Doing a Windows Service in C# that uses FileSystemWatcher to modify the saves games directory would be pretty easy. And it could install with a double click. Not much effort there for the person using the mod.
And about the beneficial gameplay effects: it has beneficial gameplay effects for you, for me it has many negative gameplay effects.
If you can think outside the box, you realize that save/continue is not any worse than save/load. Objecting to a game being designed with this approach would be like objecting to not having construction options in Fantasy General, or not having upkeep costs in HOMM games. It's a premise, it's the point of entry. Fundamental part of game design. You either like it, or don't like it and pick another game. Things like this shouldn't be viewed in a technical 'feature checkbox' way - unless someone does something horribly wrong, like forcing players to pass 10 missions without saving, or having lives' limit in a logic game.
I can think outside the box and for me it's worse, because it's an artificial restriction that doesn't achieve anything valuable.
Not strange at all. TBS are a tiny fraction of the mainstream games. Take a look around. TBS are practically nonexistant in mainstream. Stardock is a team of skilled necromancers reviving extinct genre.
Then reading sales numbers, Galactic Civilizations 2 did surprisingly well given that they are "nonexistan in mainstream". I suppose the same can be said about Civilizations, HoMM,... But what it's surprising is that you are pushing for a feature that is less popular in a genre that according to you is highly unpopular, that seems a recipe for financial disaster.

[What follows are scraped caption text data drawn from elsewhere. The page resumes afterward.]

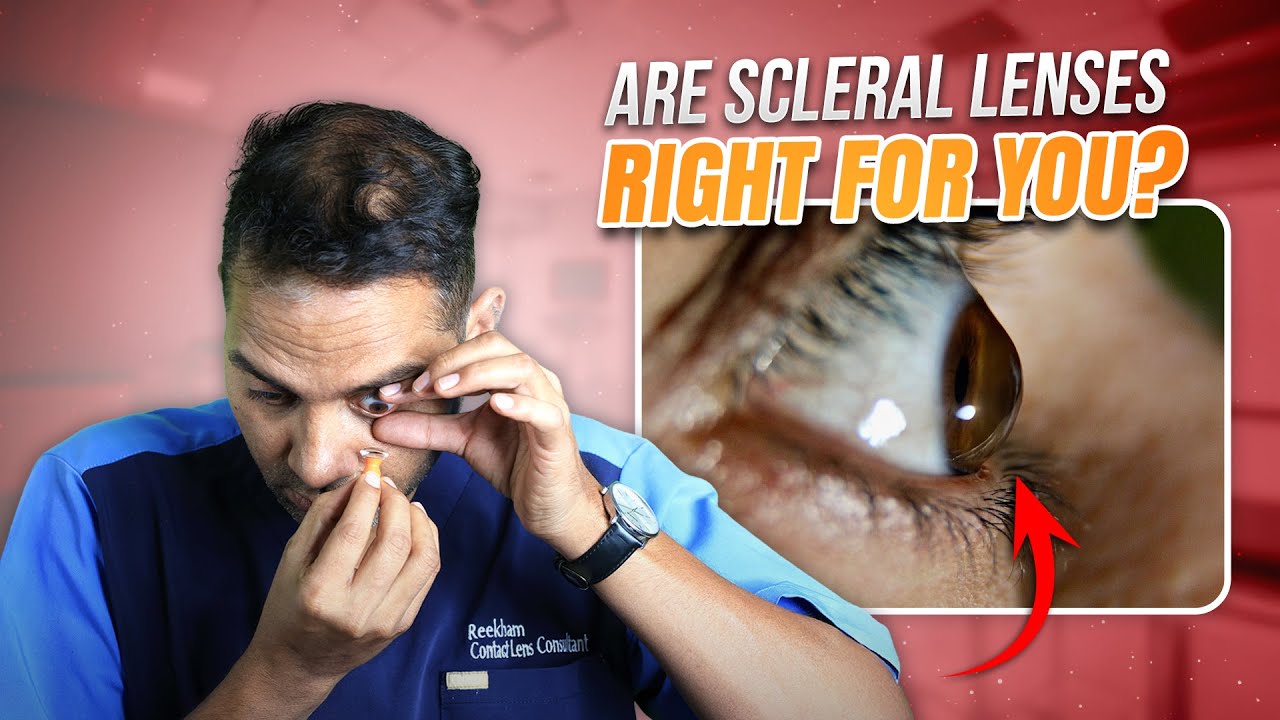 What is Scleral Lenses? | Reekham Lal Talks About Scleral Lens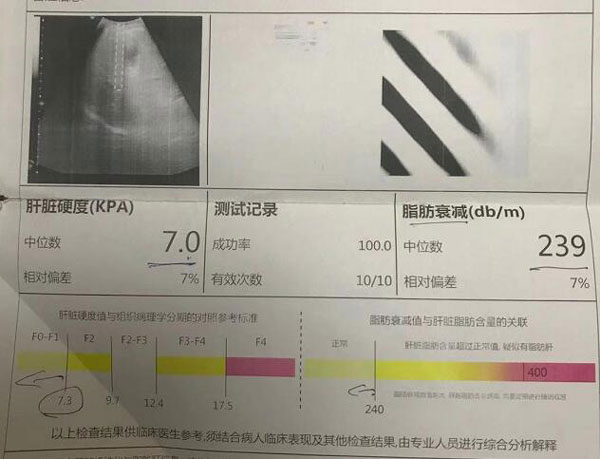 郑州哪里的肝硬化科医院好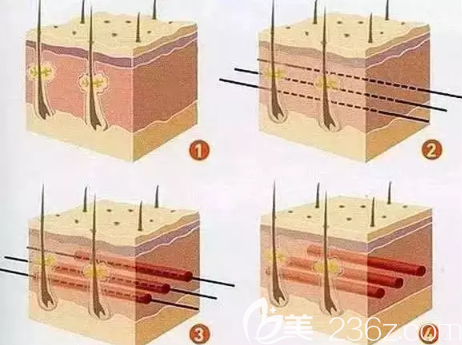 修護(hù)損傷的皮下組織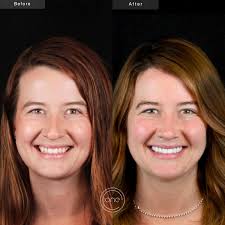 Dr Tyler Broadbent (@one_dental_studio) · Mesa, AZ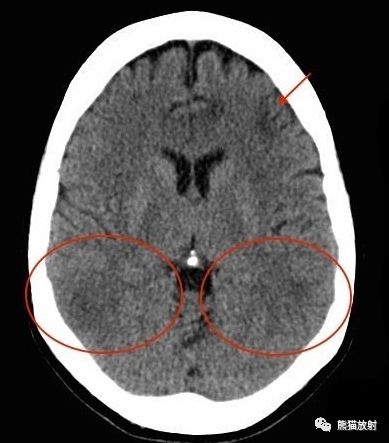基底节区低密度灶图片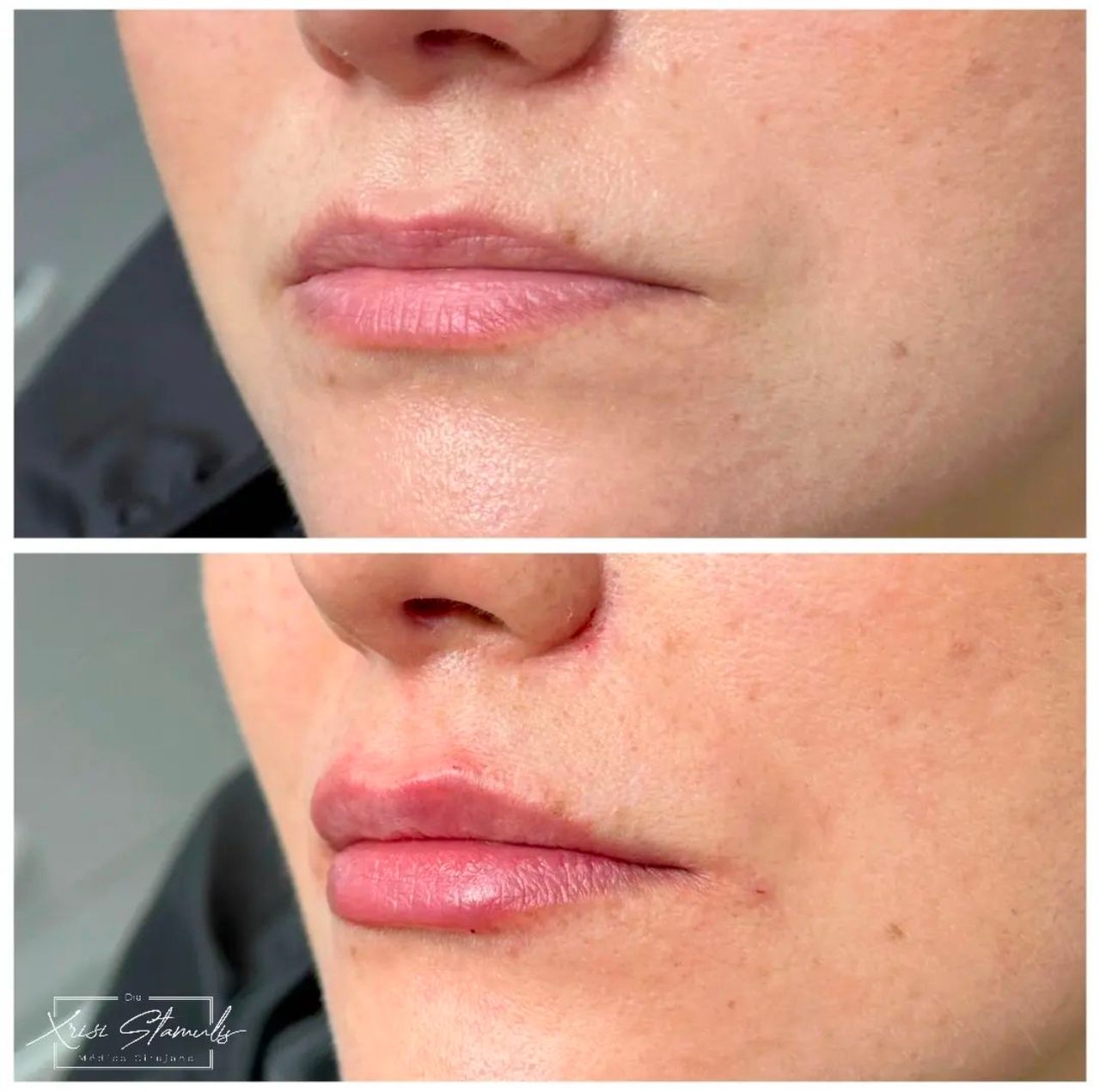 Xrisi Stamulis Rivera-6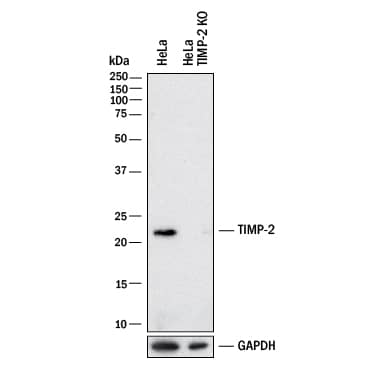<b>Genetic Strategies Validation. </b>Western blot shows lysates of HeLa human cervical epithelial carcinoma cell line and human TIMP-2 knockout HeLa human cervical epithelial carcinoma cell line (KO). PVDF membrane was probed with 2 µg/mL of Goat Anti-Human TIMP‑2 Monoclonal Antibody (Catalog # MAB97112) followed by HRP-conjugated Anti-Goat IgG Secondary Antibody (HAF017). A specific band was detected for TIMP‑2 at approximately 22 kDa (as indicated) in the parental HeLa human cervical epithelial carcinoma cell line, but is not detectable in knockout HeLa human cervical epithelial carcinoma cell line. GAPDH (MAB5718) is shown as a loading control. This experiment was conducted under reducing conditions and using Western Blot Buffer Group 1.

Finally we agree on something. Yes, Master of Magic is a very un-replayable game (in the first turns)! Seriously, first few dozen of turns are terribly boring and schematic. Most of the time it's "Set taxes to 1.5, explore with your starting units for a while, scout with magic spirit. Build +population buildings (granary, farmers' market) and then +production buildings like sawmill and foresters' guild. Bulding miners' guild next will probably be the best choice. Only then Master of Magic leaves it's terribly boring stage and things start getting colorful. Until then, it's "next turn, next turn, next turn, next turn". For me it was the most boring part of each game, and it heavily discouraged me from starting a new game. Having the same queue for units and buildings didn't help. As opposed to Dominions3, in which a combination of save/continue with immediate action meant things are colorful from the word 'go'.
MOM was the only civ-like game I enjoyed, so I won't comment on Civ. I have no idea about MOO. I have only played Shadow Magic out of AoW games, and it suffers from the same design choices as MOM - initial construction phase is quite long and repetitive, discouraging from starting a new game. Having lenghty and schematic opening seriously harms replayability especially in a save/continue game, that's why making the beginning fun is even more important.
We must have played a different Dominions 3 because everything you said there applies to Dominions too. Build army, roll over neutral province, rinse and repeat with very similar armies and strategies until you find someone. In the meanwhile research or kill with your pretender (if it's not a sleeping pretender) and have "fun" accounting which mage has searched what type of site in each province... Yep, the same as the start of MoM, Civ and AoW.
If anything, it's an understantement. Many players reload when something less than optimal happens (such as only getting X from event Y). They may think they're having fun, but many discover they're boring themselves.
This is, for me, the failure of your whole argument: the majority are having fun for sure. For a lot of people Save/Continue limits the game in a way that becomes more un-fun than Save/Load. They don't want to think about the different 1000 combinations and what may happen 100 moves ahead and then lose because they didn't acknowledged posibility 1001, which, btw, was totally random and out of their control (becoming frustrated with the game in the process).